Lights up a joint. (according to PJ). :*D

Seriously, smokes some pipeweed a few hours later.

Does this make any sense?

To begin with, even without Pippin having alerted _somebody_ to the company's presence, what effect in the long dark & still stagnant air would smoking pipeweed have? How far would it travel? What creatures would it draw, hostile to the Company or with their own agenda, which might not be any better?

And considering 'the beater of the drums' has just been 'awaken' or 'put on notice' that somebody is about, doesn't this seem rather foolish on the part of a wizard?


2. How the heck does Gollum get out of Moria and follow the company?

For starters, he's _following the Company_ & the Chamber of Mazarbul is _blocked from behind._

This requires another route...

_But,_ the Bridge of Khazad-Dum has hundreds of Orcs and at least two trolls on that side, & on top of it, collapses, so isn't acessable.

Thirdly, Boromir _plainly_ states that coming down the back way out of the Chamber of Mazarbul, now blocked was the only route: "The fire has cut them off.
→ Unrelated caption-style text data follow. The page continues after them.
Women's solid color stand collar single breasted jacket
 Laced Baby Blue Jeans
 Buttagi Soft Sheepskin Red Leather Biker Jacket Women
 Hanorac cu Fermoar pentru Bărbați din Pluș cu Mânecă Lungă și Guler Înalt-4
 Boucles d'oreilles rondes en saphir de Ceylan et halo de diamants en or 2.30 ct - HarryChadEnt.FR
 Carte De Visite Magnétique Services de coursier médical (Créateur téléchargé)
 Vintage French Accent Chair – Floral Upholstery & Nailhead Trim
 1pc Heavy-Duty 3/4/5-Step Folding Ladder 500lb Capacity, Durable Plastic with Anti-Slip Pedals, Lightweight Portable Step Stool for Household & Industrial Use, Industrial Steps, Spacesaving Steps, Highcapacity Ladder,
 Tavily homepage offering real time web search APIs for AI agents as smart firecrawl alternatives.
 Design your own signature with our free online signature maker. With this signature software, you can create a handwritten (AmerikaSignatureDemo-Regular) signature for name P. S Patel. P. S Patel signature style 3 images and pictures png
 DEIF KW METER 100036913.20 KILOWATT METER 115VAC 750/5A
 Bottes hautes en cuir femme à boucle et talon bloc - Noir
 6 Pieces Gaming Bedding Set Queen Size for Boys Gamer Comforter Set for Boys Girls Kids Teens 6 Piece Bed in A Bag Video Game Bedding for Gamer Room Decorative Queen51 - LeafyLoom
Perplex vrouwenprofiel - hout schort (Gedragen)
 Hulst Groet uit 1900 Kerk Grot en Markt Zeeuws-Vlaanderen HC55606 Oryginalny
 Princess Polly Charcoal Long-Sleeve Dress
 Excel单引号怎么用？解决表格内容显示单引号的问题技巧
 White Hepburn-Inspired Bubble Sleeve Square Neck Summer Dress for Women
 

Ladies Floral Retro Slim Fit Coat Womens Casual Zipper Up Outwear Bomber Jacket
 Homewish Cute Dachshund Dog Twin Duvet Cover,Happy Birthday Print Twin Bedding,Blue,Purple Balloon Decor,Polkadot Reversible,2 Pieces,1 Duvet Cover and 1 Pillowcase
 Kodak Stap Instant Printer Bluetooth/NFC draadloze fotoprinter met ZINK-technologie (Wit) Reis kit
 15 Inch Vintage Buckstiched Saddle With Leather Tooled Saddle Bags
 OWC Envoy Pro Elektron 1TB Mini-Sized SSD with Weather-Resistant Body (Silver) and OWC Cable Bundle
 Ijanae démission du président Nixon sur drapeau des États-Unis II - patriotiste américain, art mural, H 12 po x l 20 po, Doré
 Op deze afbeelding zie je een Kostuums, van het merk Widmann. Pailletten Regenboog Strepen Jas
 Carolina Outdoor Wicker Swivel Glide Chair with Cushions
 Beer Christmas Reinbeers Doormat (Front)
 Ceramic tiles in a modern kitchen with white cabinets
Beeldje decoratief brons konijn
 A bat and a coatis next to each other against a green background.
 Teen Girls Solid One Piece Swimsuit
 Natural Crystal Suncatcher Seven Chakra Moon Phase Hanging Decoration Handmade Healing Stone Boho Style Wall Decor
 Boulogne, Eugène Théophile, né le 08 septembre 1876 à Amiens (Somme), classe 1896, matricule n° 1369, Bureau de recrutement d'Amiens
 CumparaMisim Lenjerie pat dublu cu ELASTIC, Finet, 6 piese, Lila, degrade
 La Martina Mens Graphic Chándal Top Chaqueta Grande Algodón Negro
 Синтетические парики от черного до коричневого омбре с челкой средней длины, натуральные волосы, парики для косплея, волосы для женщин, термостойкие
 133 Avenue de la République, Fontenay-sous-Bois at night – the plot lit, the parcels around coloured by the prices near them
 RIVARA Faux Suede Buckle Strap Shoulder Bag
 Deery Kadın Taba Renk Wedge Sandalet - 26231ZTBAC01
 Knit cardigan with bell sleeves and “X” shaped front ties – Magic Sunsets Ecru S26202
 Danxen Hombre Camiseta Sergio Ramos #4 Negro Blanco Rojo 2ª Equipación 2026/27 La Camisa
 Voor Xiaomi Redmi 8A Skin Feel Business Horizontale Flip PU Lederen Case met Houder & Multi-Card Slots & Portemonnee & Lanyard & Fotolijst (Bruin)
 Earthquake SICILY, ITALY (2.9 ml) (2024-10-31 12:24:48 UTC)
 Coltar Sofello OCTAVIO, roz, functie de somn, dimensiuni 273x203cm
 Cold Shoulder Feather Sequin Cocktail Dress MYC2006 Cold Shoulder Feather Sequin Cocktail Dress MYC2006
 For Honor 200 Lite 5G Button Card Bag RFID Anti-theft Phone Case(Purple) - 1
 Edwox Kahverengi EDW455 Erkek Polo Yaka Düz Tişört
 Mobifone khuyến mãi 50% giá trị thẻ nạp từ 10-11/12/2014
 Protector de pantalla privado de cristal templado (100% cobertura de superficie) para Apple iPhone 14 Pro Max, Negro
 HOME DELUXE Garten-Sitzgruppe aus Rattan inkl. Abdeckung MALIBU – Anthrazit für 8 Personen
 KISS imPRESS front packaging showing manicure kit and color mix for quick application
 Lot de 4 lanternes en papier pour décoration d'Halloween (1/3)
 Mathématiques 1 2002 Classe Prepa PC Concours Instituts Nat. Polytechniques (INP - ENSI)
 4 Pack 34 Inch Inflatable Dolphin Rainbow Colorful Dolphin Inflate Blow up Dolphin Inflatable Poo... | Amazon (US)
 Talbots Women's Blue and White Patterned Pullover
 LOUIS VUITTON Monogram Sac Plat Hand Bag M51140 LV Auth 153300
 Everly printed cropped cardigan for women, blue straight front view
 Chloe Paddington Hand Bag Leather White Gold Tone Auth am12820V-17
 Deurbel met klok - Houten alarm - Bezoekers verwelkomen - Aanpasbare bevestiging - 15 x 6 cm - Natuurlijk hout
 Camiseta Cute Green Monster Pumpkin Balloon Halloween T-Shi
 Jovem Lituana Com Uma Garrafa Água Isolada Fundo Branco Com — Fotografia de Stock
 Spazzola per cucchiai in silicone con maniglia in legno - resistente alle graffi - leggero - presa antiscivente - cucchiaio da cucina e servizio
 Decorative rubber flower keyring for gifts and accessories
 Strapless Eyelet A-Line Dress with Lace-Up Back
We are on the wrong side."

So since Gollum is on the wrong side, filled with Orcs & Trolls, no bridge over the chasm anyhow, how does he get past the Orcs, out of Moria & right back on the remaining members of the Fellowship so quickly?

It seems rather implausable.

Any comments/answers?


----------



## Andreth (Jan 23, 2013)

Good points, especially the second; well, about it I've no plausible answer. I would say that Gollum, sensing the presence of the orcs ( and why not? Living for hundreds of years in a cavern had improved his senses ), reached the exit before the attack. That seems to me the only way, considering that the bridge was an uttermost defence, and so surely hadn't any other way to reach it than the appointed ones.
and, speaking of Gandalf... I think that, knowing they were already discovered, it seemed not too important if he stated again their presence with the smoke of the pipeweed; and, besides, I don't think Moria had smoke detectors  maybe, being the drums so far from them, he just thought it was not important.


----------



## Turgon (Jan 24, 2013)

Honestly... if I was in Moria at that point and heard the drums in the deep... I think I'd need a smoke too. I'd give Gandalf a pass on that one.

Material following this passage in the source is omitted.